TASK PROMPT: Only an exact copy of the lines from the one containing "Imagem de Placa" through the last line of the material below belongs in the answer, with no pictures.

DATA SECTION:
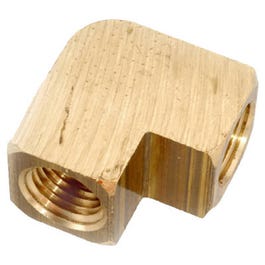 Pipe Fitting, 90-Degree Elbow, Lead-Free Brass, 1/8-In.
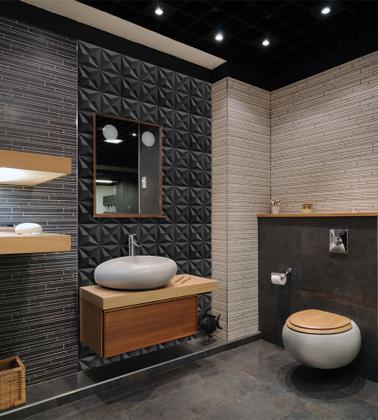 Imagem de Placa Preta PVC 25x25cm 3D Decorativa Autocolante Revestimento Plástico Auto Relevo com Vários Modelos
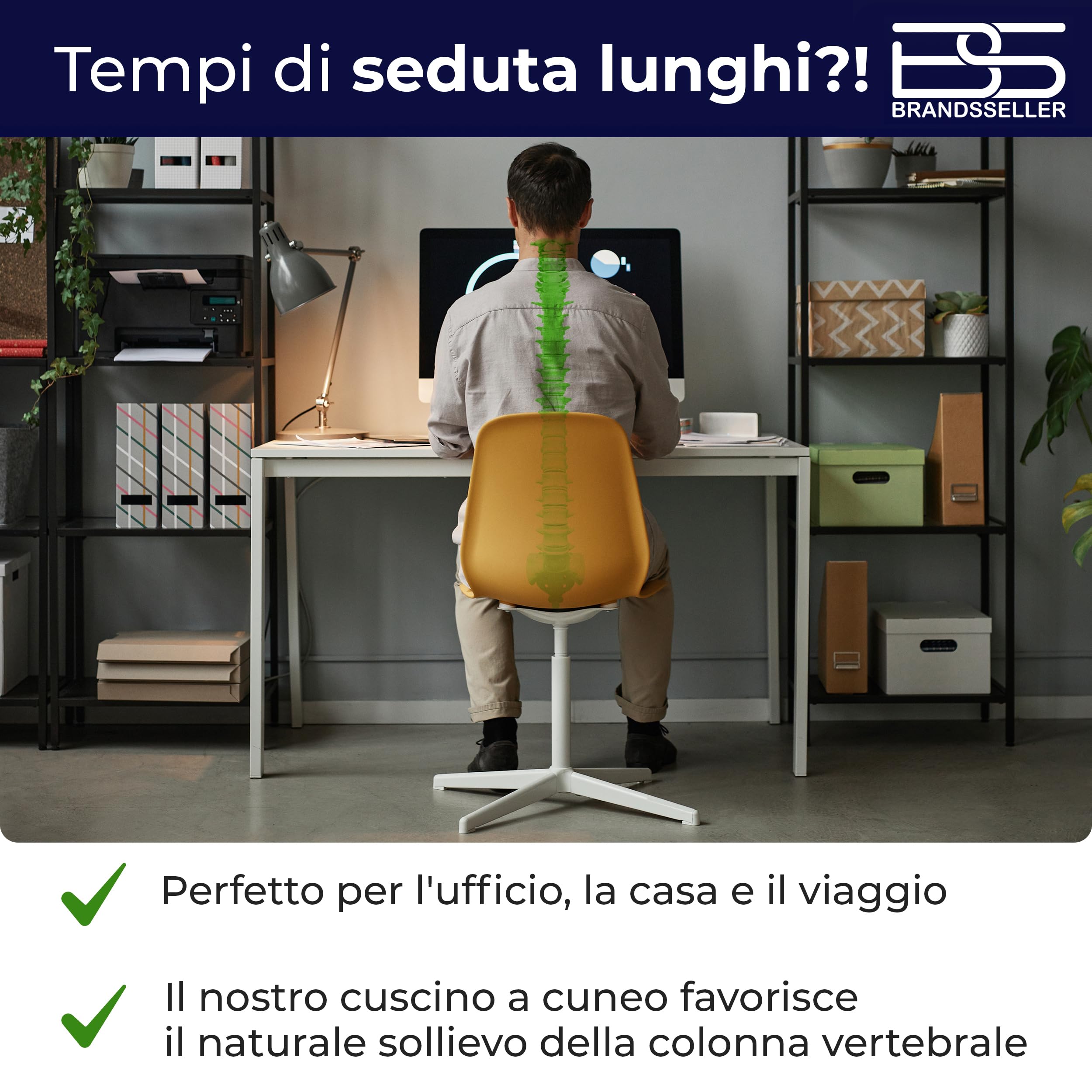 Cuscino a Cuneo 38x38x8/2 cm per Sedia, Ufficio e Auto, Cuscino Ergonomico per Seduta Corretta, Supporto per Schiena, Nero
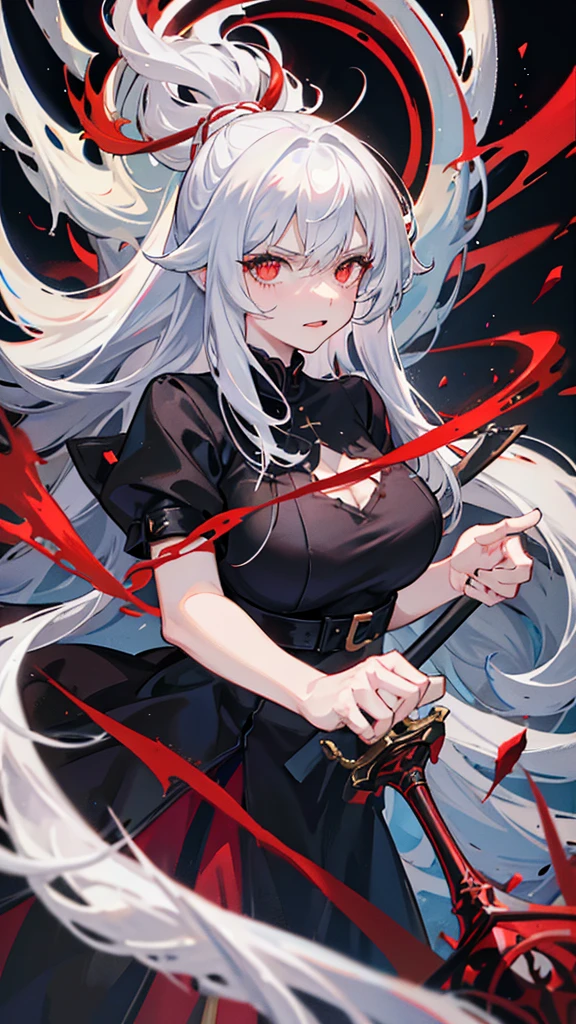 An adult woman half fox and wolf, wide breasts, red eyes, white hair, very angry, in a black little open dress, holding a sword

TASK SOLUTION:
 Imagem de Placa Preta PVC 25x25cm 3D Decorativa Autocolante Revestimento Plástico Auto Relevo com Vários Modelos
 Cuscino a Cuneo 38x38x8/2 cm per Sedia, Ufficio e Auto, Cuscino Ergonomico per Seduta Corretta, Supporto per Schiena, Nero
 An adult woman half fox and wolf, wide breasts, red eyes, white hair, very angry, in a black little open dress, holding a sword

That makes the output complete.